Regarding execution of a pregnant woman, consider a Massachusetts case and a U.S. Supreme Court case. A "plea of pregnancy" was recognized for example from the very first capital case in the United States, in which a woman and three men were executed. Sadly, with the early stages of pregnancy not well understood until much later (including through the Carnegie Stages of Early Human Development, and later through the ultrasound window to the womb), an execution would only be postponed if "quickening" of the child had been determined. And more sadly still, after conflicting and repeated testimony by many investigators as to whether the woman was pregnant, an autopsy proved that a five-month old unborn child indeed had been killed in the hanging of his mother. Yet, as in the 1778 Massachusetts case, Commonwealth v. Bathsheba Spooner, the court supported the "plea of pregnancy." And more than a hundred years later, in 1891 the U.S. Supreme Court in Union Pacific Railway Co. v. Botsford, consistent with Scripture, positively observed that in common law, a woman convicted of a capital crime would be examined for pregnancy, "in order to guard against the taking of the life of an unborn child for the crime of the mother." This is right. For as demonstrated in AmericanRTL.org/Bible, God's Word is filled with teachings showing the personhood of the unborn child. And though generally speaking, as King Solomon wrote, punishment should be executed swiftly (Eccl. 8:11), the Bible condemns killing a child for the crimes of a parent (see Ezek. 18:20). As for example Deuteronomy 24:16 states, "Fathers shall not be put to death for their children, nor shall the children be put to death for their fathers; a person shall be put to death for his own sin." These same principles, both in Scripture and in America's legal history, also condemn the rape and incest "exceptions" practice of killing an unborn child because her father is a criminal.

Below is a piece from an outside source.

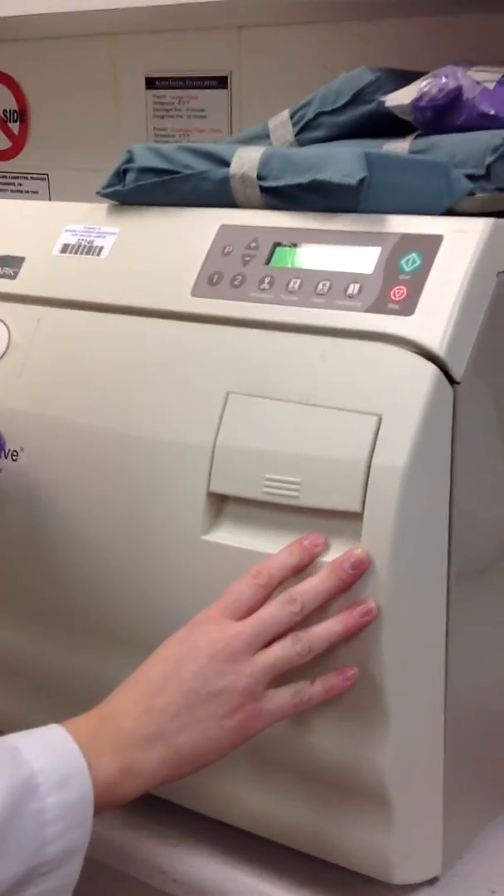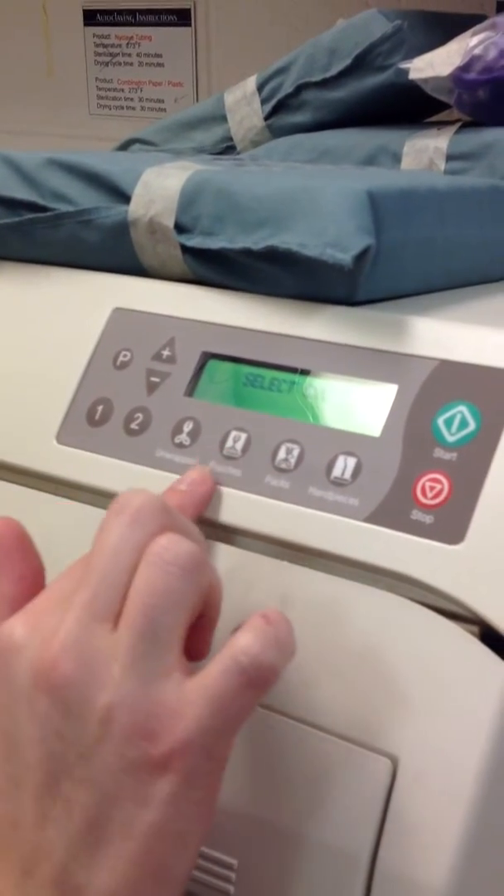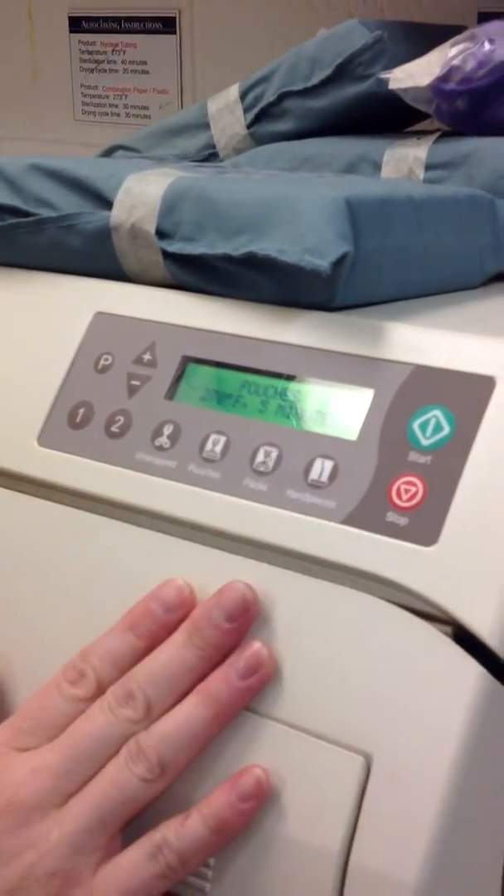Once it's locked, you're going to come up to the control panel. You'll select either pouches or packs — doesn't really matter — and you'll hit start.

Ironically, some people assume it is inconsistent to oppose abortion and to support the death penalty. It is a monument to their confusion that they cannot correct their own thinking. They can only maintain this discord by equating innocence with guilt. Protecting the innocent and punishing the guilty is a cornerstone of justice. However, regarding  a murdering rapist, most "pro-choice" officials advocate killing the baby but protecting the rapist. As the Scriptures warns, "Woe to those who call evil good, and good evil" (Isa. 5:20). Thus American Right To Life advocates the death penalty for everyone convicted of a capital crime.

American RTL: Punish the Guilty, Protect the Innocent!